The time has come for President Trump to do something now to bring Dr Fitaihi home

- Howard Cooper, lawyer for Walid Fitaihi

Earlier this year, reports emerged that Fitaihi has been tortured in detention, prompting top members of the US Congress to call for the doctor's release.

While he expressed gratitude for the lawmakers' efforts, Cooper said the power to free Fitaihi lies with the White House.

"The idea that he's being tortured by an ally of the United States - a so-called ally - is unacceptable," he said. "The time has come for President Trump to do something now to bring Dr Fitaihi home. And I believe that he could do that with a telephone call."

So far, the White House has not commented on Fitaihi's case publicly.
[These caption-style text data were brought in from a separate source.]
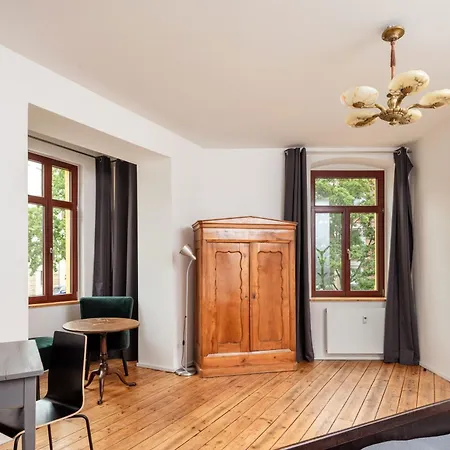 Kuenstlerzimmer In Der Haeselburg - Sonnendurchflutete * Gera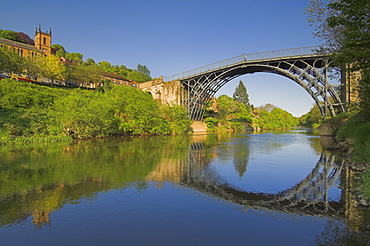 The world's first Ironbridge built by Abraham Darby over the River Severn at Ironbridge Gorge, UNESCO World Heritage Site, Shropshire, England, United Kingdom, Europe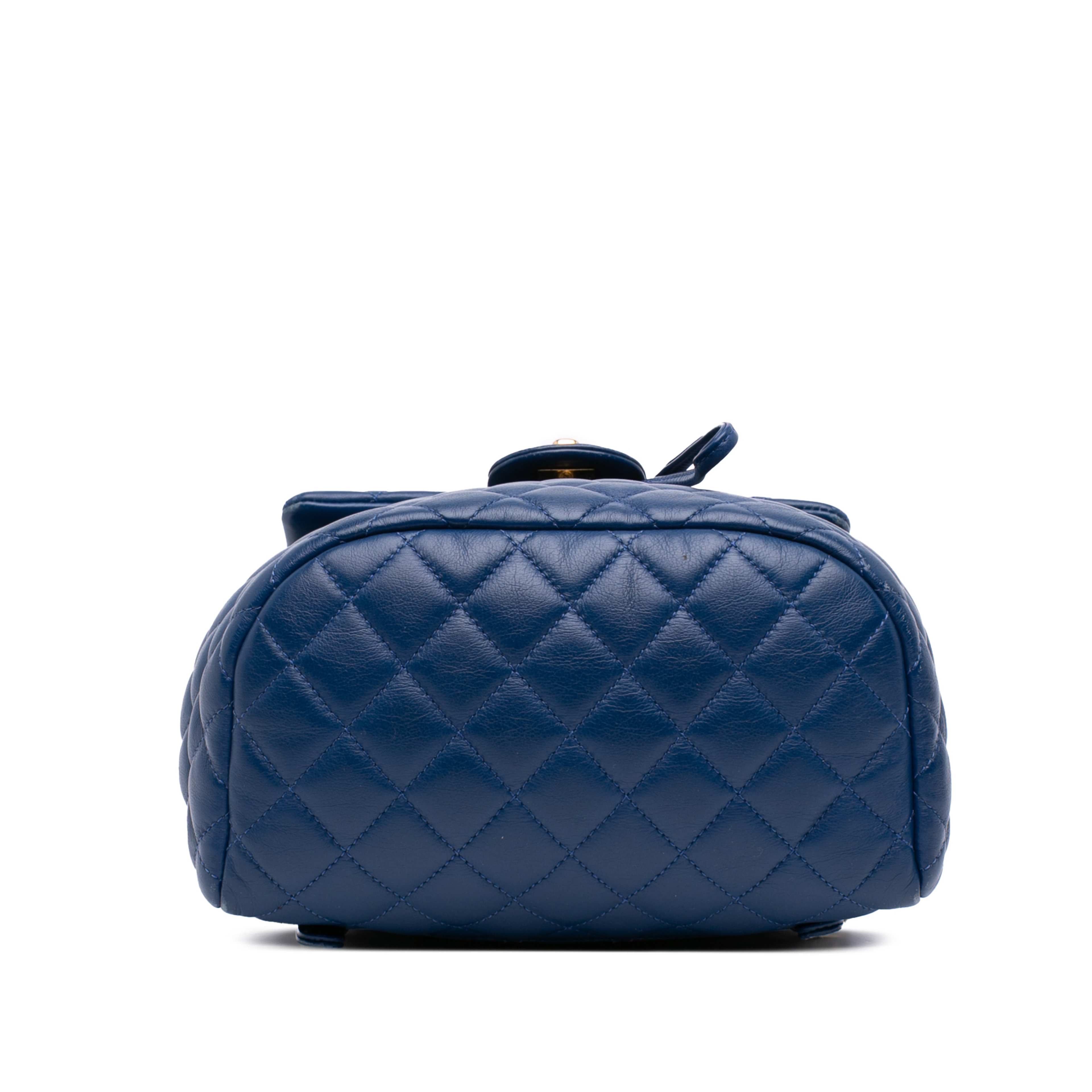 Chanel Small Lambskin Urban Spirit Backpack, från Luxclusif, i färgen blå. Klicka för att öppna bilden i stort format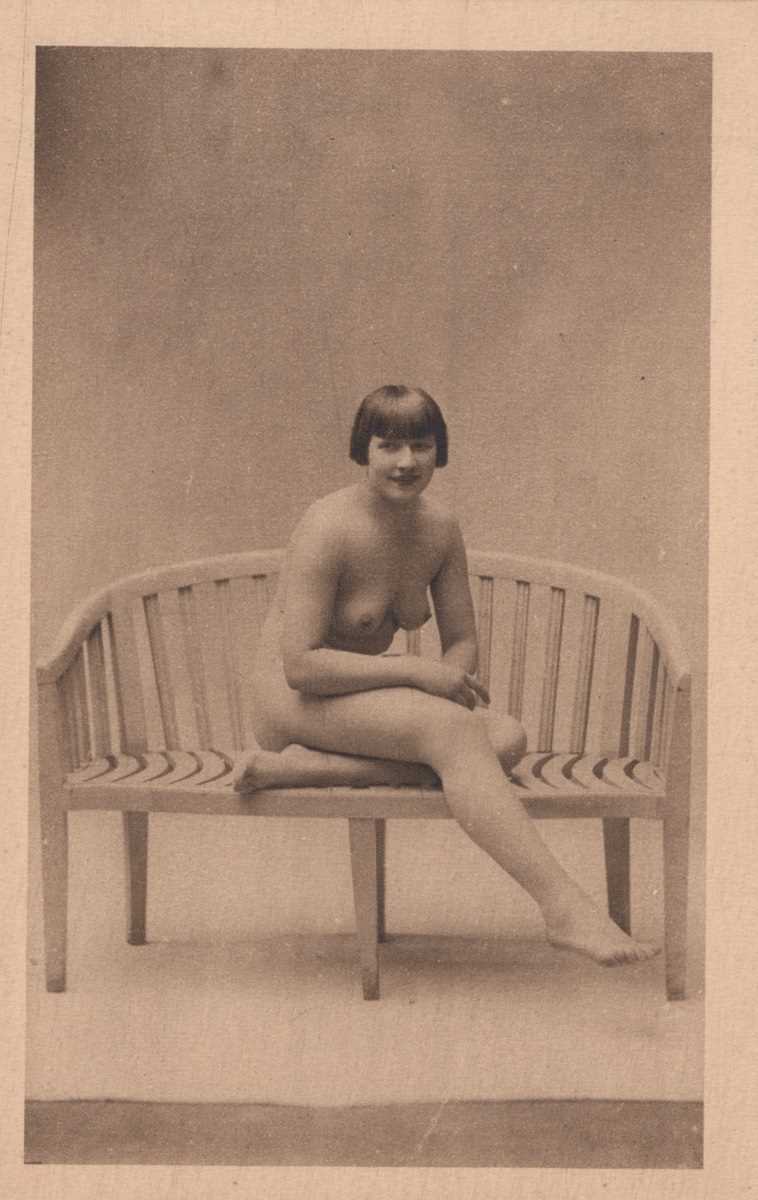 A collection of 25 postcards of erotic or risqué interest, some photographic. - Image 8 of 10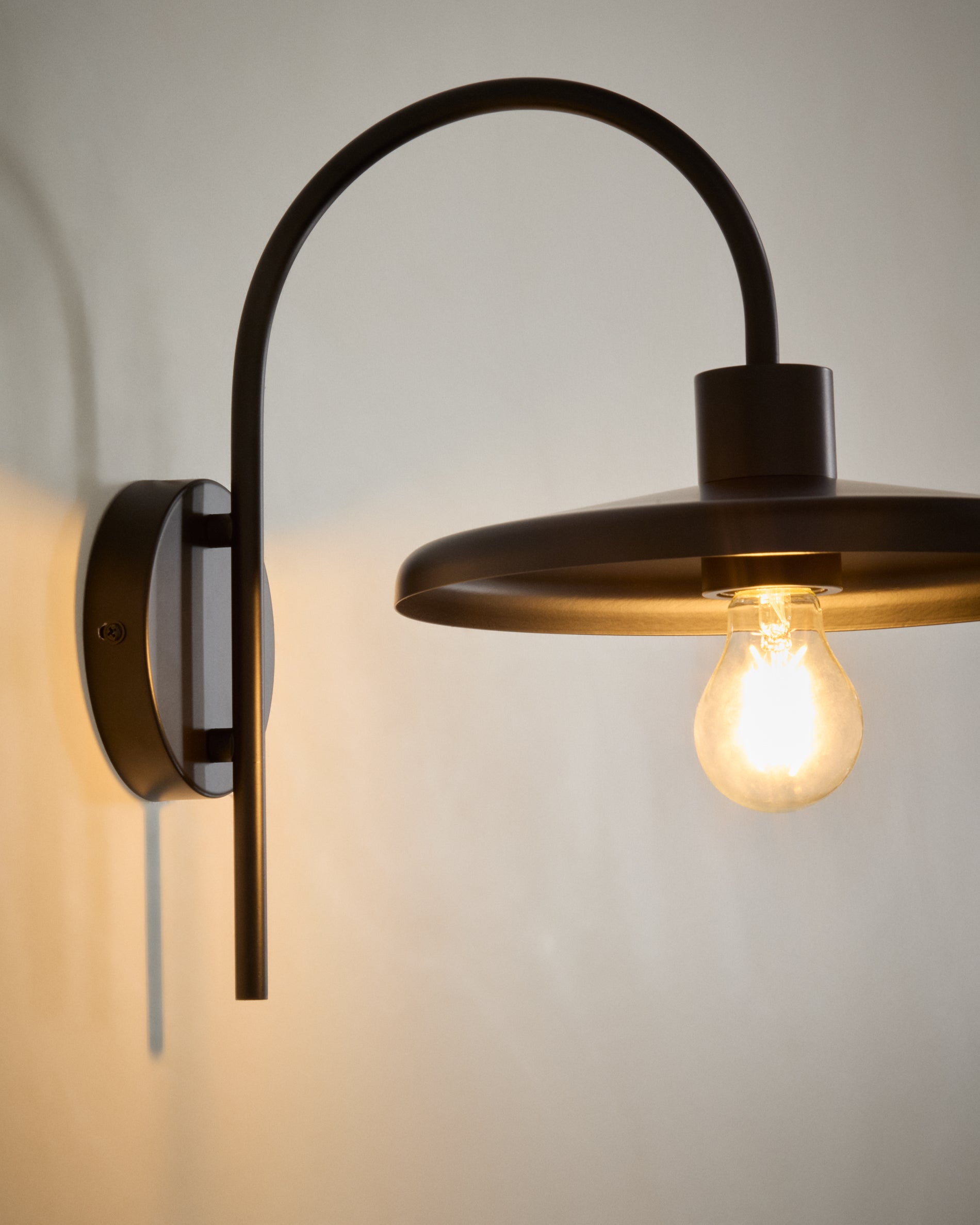 Nuvira wall light in black satin metal - Detail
The White House press office did not immediately respond to MEE's request for comment on Friday.

At an event in Washington on Thursday, US Congressman Tom Malinowski said "foreign dictatorships" should not think that they can get away with torturing and abusing US citizens.

He said the murder of Khashoggi, who was a US resident when he was killed in October, and the detention of Fitaihi are "unthinkable".

"It is a direct offence, an affront, to the United States of America," Malinowski said. "And no country that has ever dared to call itself an ally of the United States should be forgiven for one second for engaging in that kind of behaviour."